= Polar Epsilon =

Polar Epsilon is a Canadian Forces project to provide enhanced all-weather day and night surveillance capabilities utilizing imagery from the RADARSAT-2 earth observation satellite. The project includes two new ground stations, one at each coast. Data is primarily used to support military operations, but can also be accessed by other departments or agencies.

==History==
The Polar Epsilon project was approved on May 30, 2005. It uses information from RADARSAT-2, launched in December 2007, to produce imagery for Canadian military commanders to use in order to conduct operations in their areas of responsibility. The RADARSAT-2 information is used in many ways, including surveillance of Canada's Arctic region and maritime approaches, the detection of vessels, and support to CF operations globally.

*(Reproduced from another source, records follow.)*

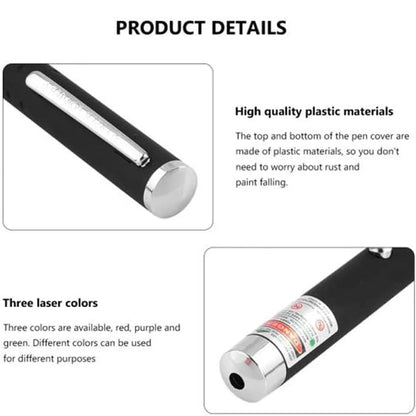 Mini LED Laserpointer & Taschenlampe 2-in-1 Haustier-Spielzeug
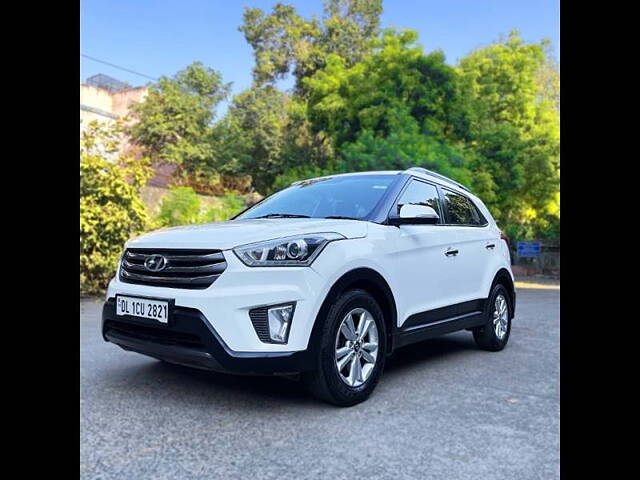 Used Hyundai Creta [2015-2017] 1.6 SX Plus AT in Delhi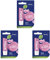 Pack of 3, Nivea Lip Care Balms Soft Rose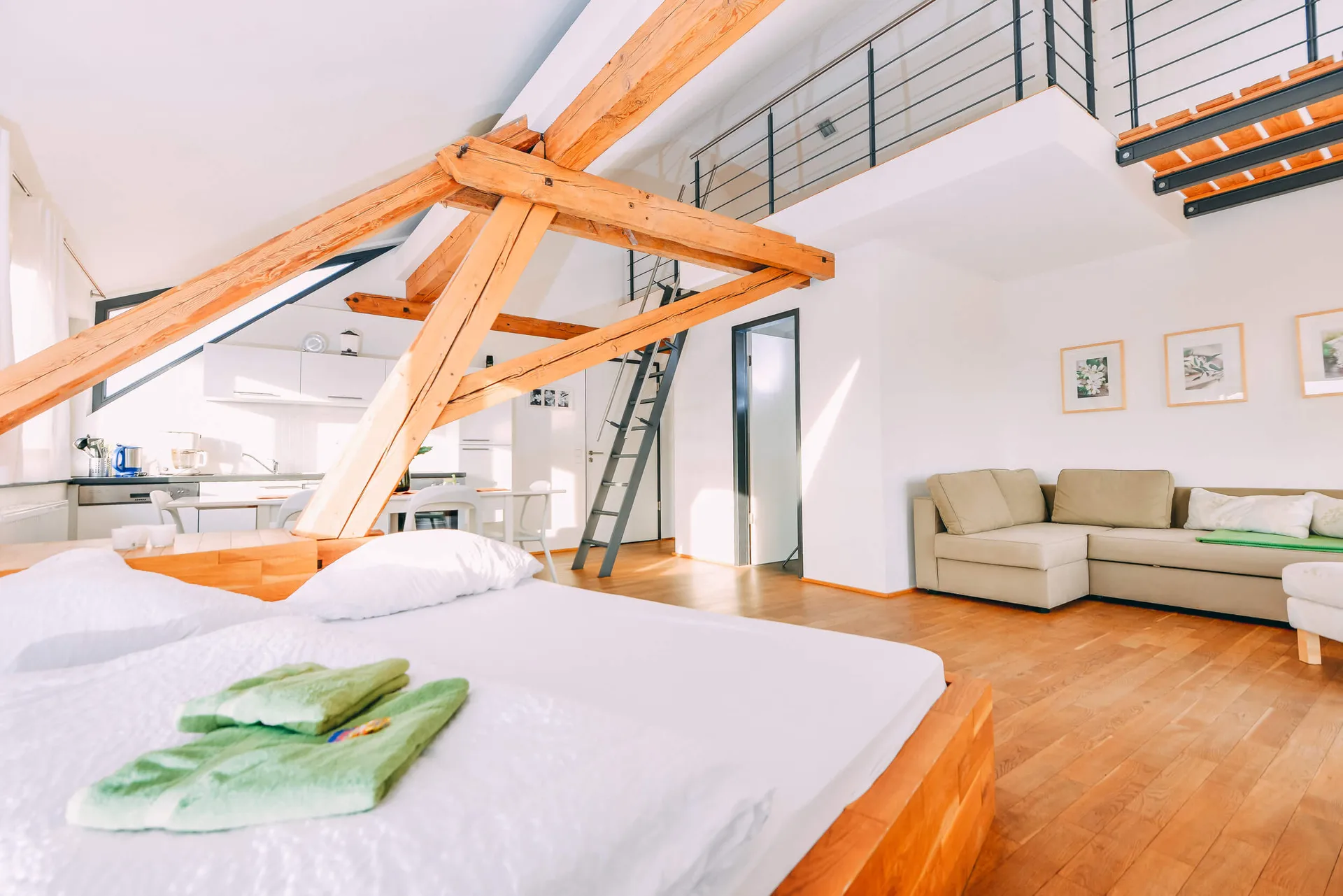 Imagine: Apartament de vacanță lângă lacul Bodensee: Hochzeitssuite | Gut Hügle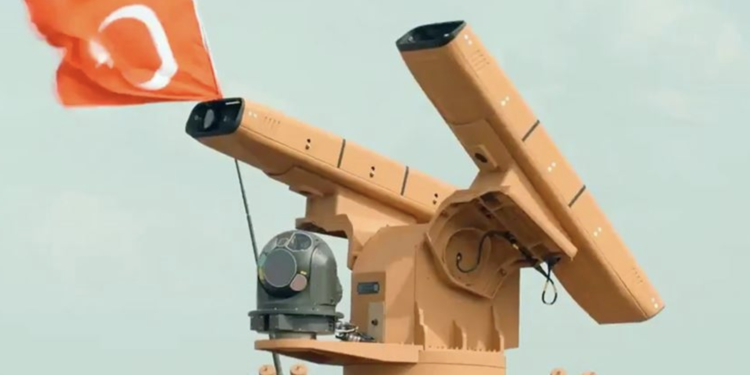 Yerli hava savunma sistemi ‘Sungur’ göreve hazır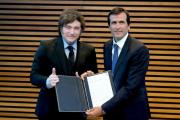 Un reconocimiento de alto hándicap: Javier Milei nombró a Adolfo Cambiaso como nuevo embajador extraordinario, con el objetivo de promover el deporte argentino a nivel mundial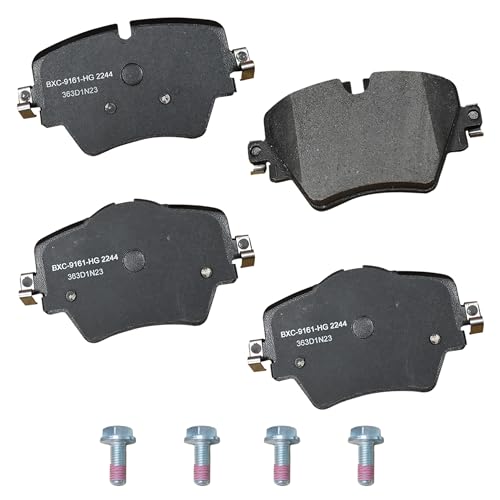 Image of Bendix Premium SBC2244 Ceramic Front Brake Pads for BMW X2 2023, X3 2019-2018, X3 2021, X4 2021-2019, Mini Cooper Clubman 2024-2023, Toyota GR Supra 2024-2023
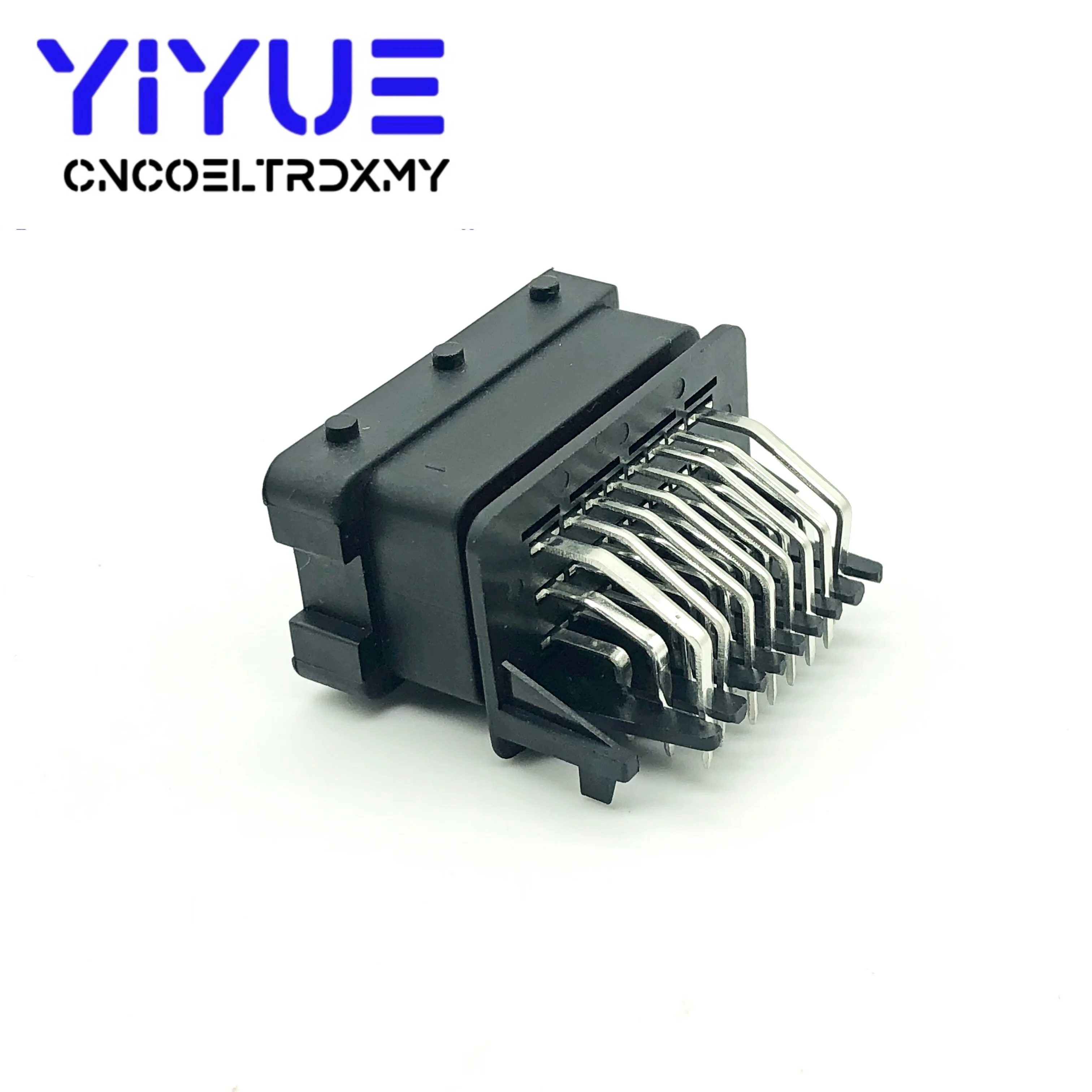 5/10 комплектов FCI ECU коннектор 24 Pin Way черный мужской и женский автомобильный корпус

The implementation phase of Polar Epsilon began in March 2009 with the design and construction phase of two new RADARSAT-2 ground stations, by
MacDonald Dettwiler and Associates (MDA), one on the east coast in Masstown, N.S., and the other on the west coast in Aldergrove, B.C. The ground stations will be wholly owned and operated by the Government of Canada and are expected to be operational by March 2011. Completion of the Polar Epsilon project is expected by late 2011.

The three satellites forming the RADARSAT Constellation launched on June 12, 2019, providing continuity of data for Polar Epsilon.